Pour le gardien, «il n'y a pas qu'une seul clé pour arrêter un jet de sept mètres» selon Bruno Martini. L'une d'entre elles est d'amener le joueur adverser à tirer là où on aimerait qu'il tire : «Il y a deux solutions. Soit on peut tenter de faire croire au joueur qu'on lui offre la solution. Si on sait qu'un joueur aime bien tirer à droite par exemple, on va essayer de lui faire penser que l'on va partir de l'autre côté pour mieux le contrer. Soit on peut au contraire lui faire comprendre que son côté privilégié est bloqué et le forcer à changer ses plans.» Dans tous les cas, Bruno Martini pointe l'importance du côté mental lors d'un jet de sept mètres : «C'est un jeu. Il faut considérer ça comme un jeu, il ne faut pas subir.» Pour le tireur, la qualité d'un jet de sept mètres réussi est la concentration, disait Guillaume Joli, ancien «monsieur penalty» de l'équipe de France : «Je recule. Je vais en direction du centre, je prends mon temps. Je souffle un bon coup pour essayer de faire baisser le rythme cardiaque afin d'être le plus lucide possible avant d'arriver devant le gardien.» La pression est en effet sur le tireur, pour Bruno Martini, selon qui le gardien n'a rien à perdre. Il avoue cependant qu'en cas d'échec, ce dernier éprouve un «regret» : «Parce qu'on a envie d'être décisif, de gagner le duel. Il y a aussi cette notion à prendre. C'est un duel.»

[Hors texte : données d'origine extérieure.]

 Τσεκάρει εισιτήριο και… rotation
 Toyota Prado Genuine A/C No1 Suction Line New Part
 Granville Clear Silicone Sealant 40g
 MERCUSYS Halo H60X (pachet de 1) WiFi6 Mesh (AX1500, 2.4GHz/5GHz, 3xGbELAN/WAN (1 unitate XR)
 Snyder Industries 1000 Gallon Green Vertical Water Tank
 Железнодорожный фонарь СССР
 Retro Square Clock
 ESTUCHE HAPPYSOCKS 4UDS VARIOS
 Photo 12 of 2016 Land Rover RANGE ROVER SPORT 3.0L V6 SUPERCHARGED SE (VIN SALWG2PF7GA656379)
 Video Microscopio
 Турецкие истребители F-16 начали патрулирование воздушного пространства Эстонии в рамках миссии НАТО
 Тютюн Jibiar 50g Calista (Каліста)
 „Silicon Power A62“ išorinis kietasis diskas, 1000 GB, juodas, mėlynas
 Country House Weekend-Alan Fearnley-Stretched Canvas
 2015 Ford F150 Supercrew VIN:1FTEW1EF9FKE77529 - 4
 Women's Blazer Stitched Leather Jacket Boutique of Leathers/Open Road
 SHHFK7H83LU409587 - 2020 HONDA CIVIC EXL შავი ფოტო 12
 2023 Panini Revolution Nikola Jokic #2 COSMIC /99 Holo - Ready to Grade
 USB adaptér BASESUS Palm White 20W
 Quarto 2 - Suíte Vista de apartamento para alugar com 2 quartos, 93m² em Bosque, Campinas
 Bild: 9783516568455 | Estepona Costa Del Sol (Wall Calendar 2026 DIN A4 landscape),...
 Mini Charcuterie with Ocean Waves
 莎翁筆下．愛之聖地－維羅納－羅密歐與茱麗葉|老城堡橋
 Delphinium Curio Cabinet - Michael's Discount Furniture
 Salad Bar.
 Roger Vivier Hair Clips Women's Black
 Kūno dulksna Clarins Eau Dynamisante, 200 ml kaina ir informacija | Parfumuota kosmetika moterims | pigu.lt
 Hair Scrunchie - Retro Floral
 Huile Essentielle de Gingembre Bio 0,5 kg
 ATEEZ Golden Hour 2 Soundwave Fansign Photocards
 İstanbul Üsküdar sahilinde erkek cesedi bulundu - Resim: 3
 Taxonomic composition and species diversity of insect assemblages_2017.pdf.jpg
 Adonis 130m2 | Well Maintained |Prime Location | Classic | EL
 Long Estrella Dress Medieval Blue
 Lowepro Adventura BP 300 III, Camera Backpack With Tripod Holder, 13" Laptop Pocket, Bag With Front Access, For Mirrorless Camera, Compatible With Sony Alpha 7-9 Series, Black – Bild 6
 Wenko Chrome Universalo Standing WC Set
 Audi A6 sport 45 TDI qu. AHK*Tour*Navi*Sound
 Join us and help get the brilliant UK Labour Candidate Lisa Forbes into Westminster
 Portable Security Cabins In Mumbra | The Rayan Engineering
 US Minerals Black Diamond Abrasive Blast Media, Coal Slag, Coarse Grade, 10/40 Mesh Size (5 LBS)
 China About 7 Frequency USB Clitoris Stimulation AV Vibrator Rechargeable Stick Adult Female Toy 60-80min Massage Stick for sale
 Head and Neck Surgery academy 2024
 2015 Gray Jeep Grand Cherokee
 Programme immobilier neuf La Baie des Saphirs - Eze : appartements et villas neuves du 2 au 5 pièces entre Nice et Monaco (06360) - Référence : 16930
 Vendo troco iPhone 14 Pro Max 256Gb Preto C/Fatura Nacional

Un duel dans lequel les Français ont connu des difficultés au premier tour (8 échecs sur 17 tentatives). Des chiffres à relativiser pour Guillaume Joli, dans l'Equipe, lorsque l'on comparait cette faible réussite à la sienne en équipe de France. Le Dunkerquois avait notamment réalisé un 9/9 à sept mètres face à la Suède (décidément) lors du dernier Championnat du monde au Qatar en 2015. «Mais, au Qatar, j'avais d'abord connu des ratés contre l'Algérie et l'Egypte. Dans cet exercice, chaque jour a son histoire. Pour Micha (Guigou) et Kentin (Mahé), je pense que ce sera aussi plus facile lors des matches couperets, car ils connaîtront les gardiens adverses et pourront plus facilement les travailler.» Force est de constaster qu'à l'aube des demis-finales, les prévisions de Guillaume Joli restent vérifiées. Les Français restent sur 9 jets de sept mètres réussis sur 9 lors des matchs à élimination directe (avant le 7/7 de Kentin Mahé face à la Suède hier, Michaël Guigou avait réalisé un 2/2 dans cet exercice contre l'Islande en huitième de finale).